Gender and accessibility information were used rapidly to identify the referent, beginning approximately 400ms after the onset of the pronoun. We calculated "target advantage" scores (looks to target minus looks to competitor), for three 200-ms segments, beginning at the verb onset (approx. 200 ms after the pronoun onset). In the first segment there was no difference among conditions. In segments 2 and 3 subjects looked at the target more than the competitor in all conditions except when the pronoun was ambiguous and referred to the second character, reflecting a reliable interaction between the two conditions. In this last condition, subjects' initial eye movements depended on the point of disambiguation. A post-hoc analysis revealed that when the verb provided early disambiguating information, subjects focused more on the correct target, but when disambiguation didn't come until late, subjects experienced a temporary garden-path, looking more at the first-mentioned character.

In Experiment 2 we heightened the difference in accessibility by adding another pronominal reference to the first-mentioned character before the critical pronoun ("He/ She's carrying..."), as in 2.

(2) Donald is bringing some mail to {Mickey / Minnie).
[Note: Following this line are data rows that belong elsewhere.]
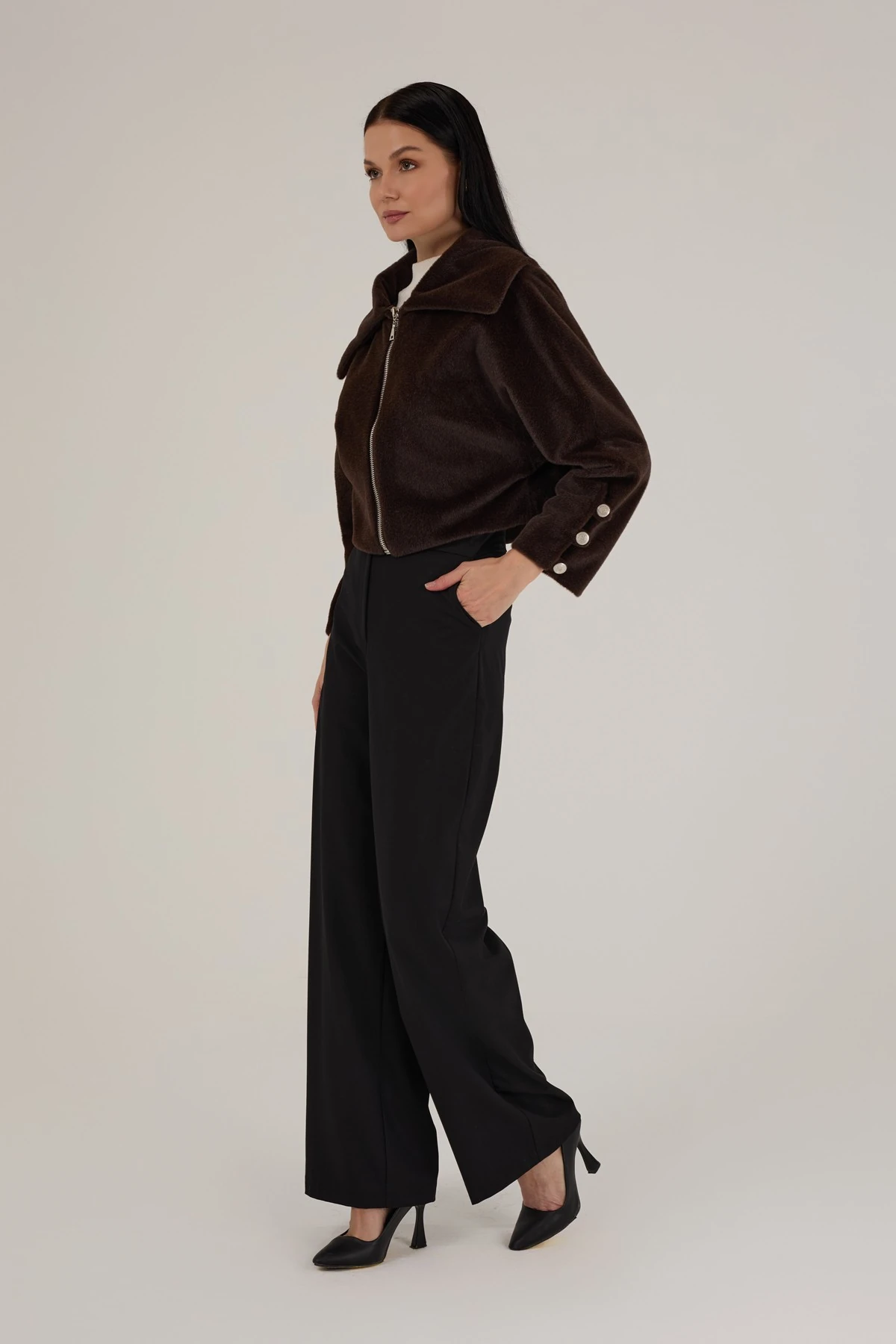 Kadın Düğme ve Fermuarlı Kaşe Crop Kürk Ceket 9272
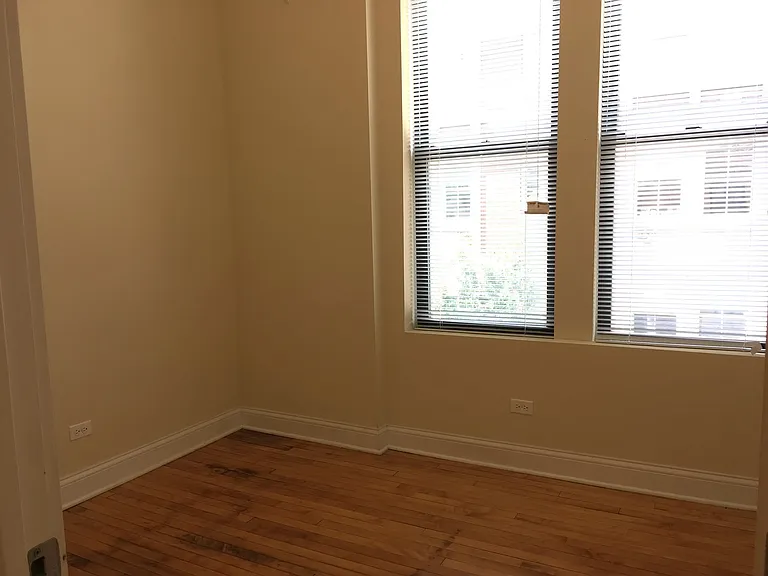 2159 W Belle Plaine Ave #2N — Photo 9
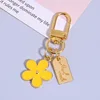 Fleur jaune à cinq pétales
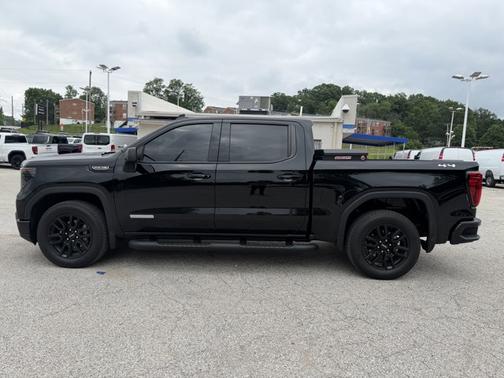 Onyx Black 2023 GMC Sierra 1500 Elevation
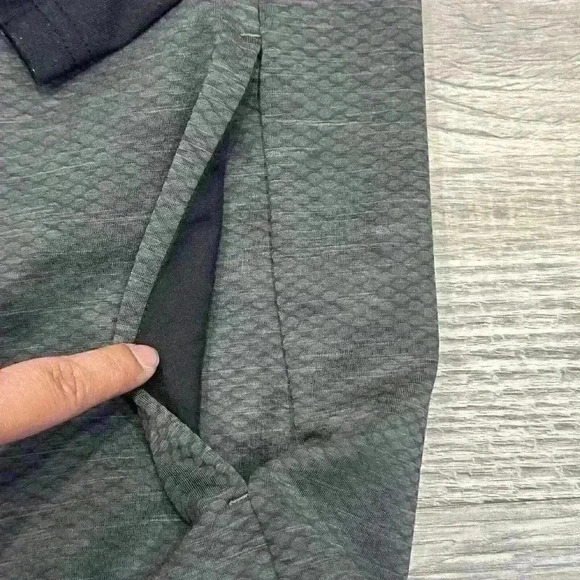 Oakley Knockdown Mixed Fleece 1/4 Zip Jumper Jacket Forged Iron Mens Grey Sz XS - Picture 4 of 16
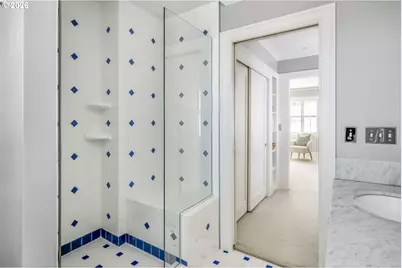 2417 NE Hamblet St NE, Portland, OR 97212 - Photo 33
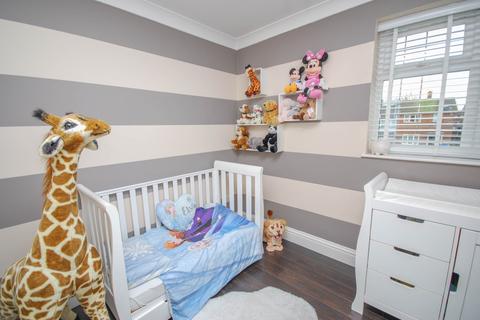138 Hutton Drive, Hutton, Brentwood, CM13 1QW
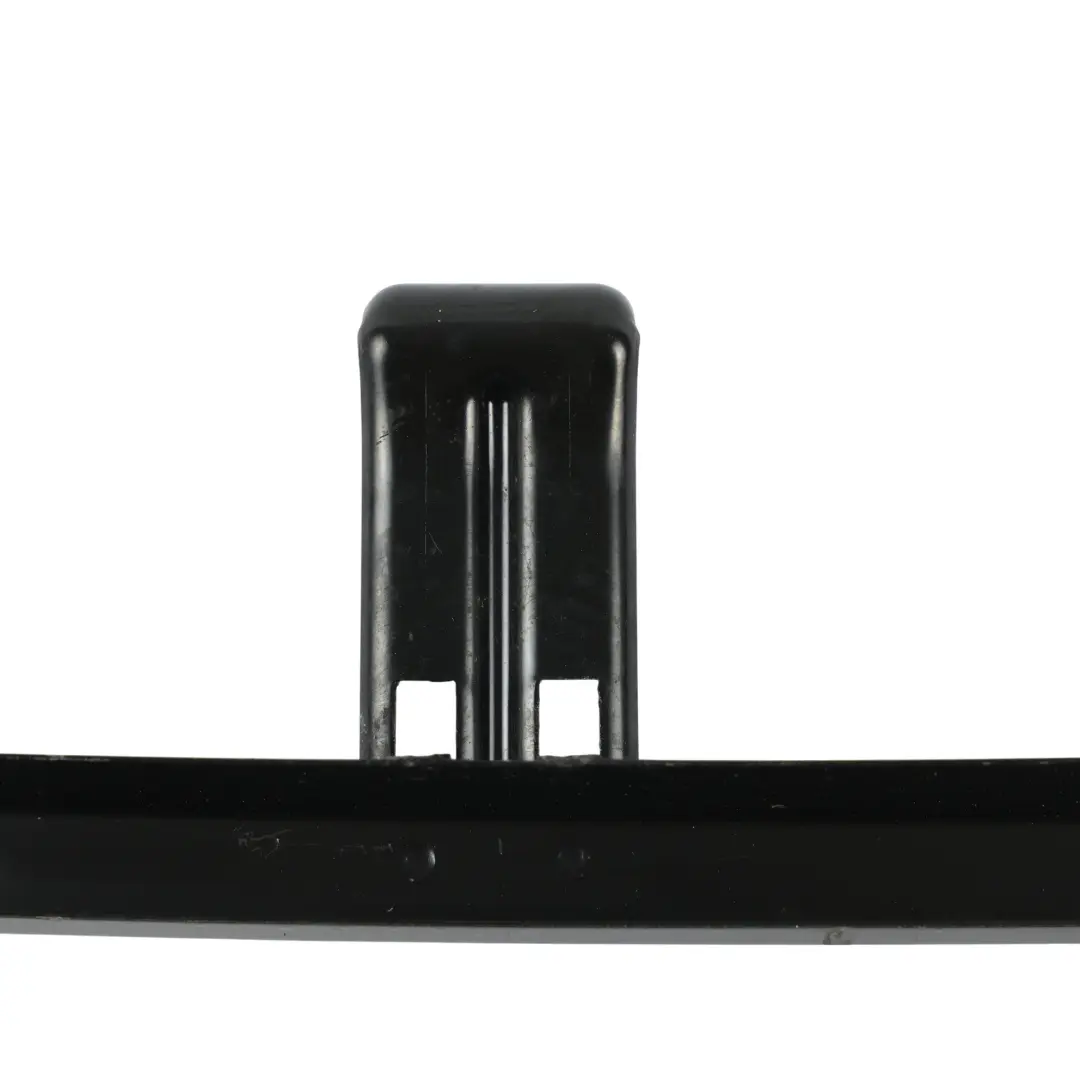 Guía Ventana Puerta Delantera Izquierda para Range Rover Sport L320 con número de pieza CUE500070 Range Rover Sport L320 Guía Ventana Puerta Delantera Izquierda - SKU CUE500070 - Número de pieza CUE500070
He's sauntering down the hill, while a violent storm is beginning. {He's / She's} carrying an umbrella, and it looks like they're both going to need it.

The results showed that subjects also identified the target rapidly in the same conditions as in Experiment 1, replicating the immediate effect of gender. Our manipulation of decreasing the accessibility of the second-mentioned character resulted in subjects finding the ambiguous pronominal reference to the second-mentioned character to be highly infelicitous. This was evident in the eye movements, which showed that subjects had a strong preference to look more to the competitor at about 400ms after the verb. In addition, subjects responded that the text did not match the picture 48% of the time. This experiment also replicated the effect of point-of-disambiguation found in Experiment 1, but the early-disambiguation items merely showed competition between the target and competitor, rather than an early target advantage.